Alternative energy solutions encourage military self-sustainment
Sgt. Richard Andrade,
WHITE SANDS MISSILE RANGE, N.M. – An alternative energy source that may cut back the military’s reliance on JP-8 diesel fuel for vehicles and equipment is being evaluated this month under the unforgiving desert conditions of White Sands Missile Range and Fort Bliss.
Soldiers assigned to Headquarters and Headquarters Company, 1st Battalion, 6th Infantry Regiment, 2nd Heavy Brigade Combat Team, 1st Armored Division, are using the Net-Zero Tactical Edge Package to power their equipment in support of the Network Integration Evaluation 12.2.
The U.S. Army’s Rapid Equipping Force initiated its “Net Zero to the Tactical Edge” effort in response to feedback from Soldiers, leaders and units in theater in order to make them more self-sustaining. Net-zero energy means an infrastructure or installation that produces as much energy as it consumes, resulting in a net usage of zero. The Net Zero initiative’s primary objective is to identify operational sustainment gaps without requiring additional ground or aerial resupply operations. The secondary objective of the effort is to provide feedback that will support senior leadership’s future policy and procurement decisions.
Capt. Andrew Kemp, commander of Headquarters and Headquarters Company, 1st Bn., 6th Inf. Regt., is currently utilizing three power-generation suites to power his company’s equipment at WSMR.
Kemp said with the use of the solar panels he can charge batteries, operate computers, printers, light sets and basically anything found in a company or platoon command post.
Normally his platoon would rely on power from various generators which require fuel and regular maintenance. Kemp said the purpose of the systems is to reduce fuel usage and the maintenance cost of the generator issued to a unit. When a 5 kilowatt generator is running, it uses a set amount of fuel; but the unit may not be using the full 5 kilowatts of power which is wasteful.
“What these systems do is maximize the efficiency of the generator by storing any excess power that is not used at the time into a battery reservoir,” said Kemp. “What we do is plug into the battery reservoir and just pull that amount of power required so it minimizes the energy waste.”

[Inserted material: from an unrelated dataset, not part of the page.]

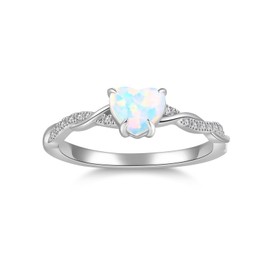Bonlavie Silver Ring for Women, 925 Sterling silver Heart Cut Opal Ring, Rhodium Plated Bridal Engagement Wedding Band, Size O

One Soldier who said he does not miss relying on power from a generator is Staff Sgt. Marcous Kim, a health care specialist, also assigned to HHC. Kim is using the ZeroBase FORGE to provide power to the Soldier aid station he is in charge of.
“It’s very mobile, it has enough power to run everything we have in the aid station, it runs all day, all night and we haven’t drained it once,” said Kim.
Another aspect of the solar panels is they do not have to rely on using JP-8 diesel fuel.
“It totally eliminates the use of JP-8, and even with the generators running, there are no fumes in here (the aid station); also it’s a lot quieter, making it more tactical,” said Kim.
The use of solar energy should reduce military units’ dependence on ground and aerial resupply operations, making them more self-reliant.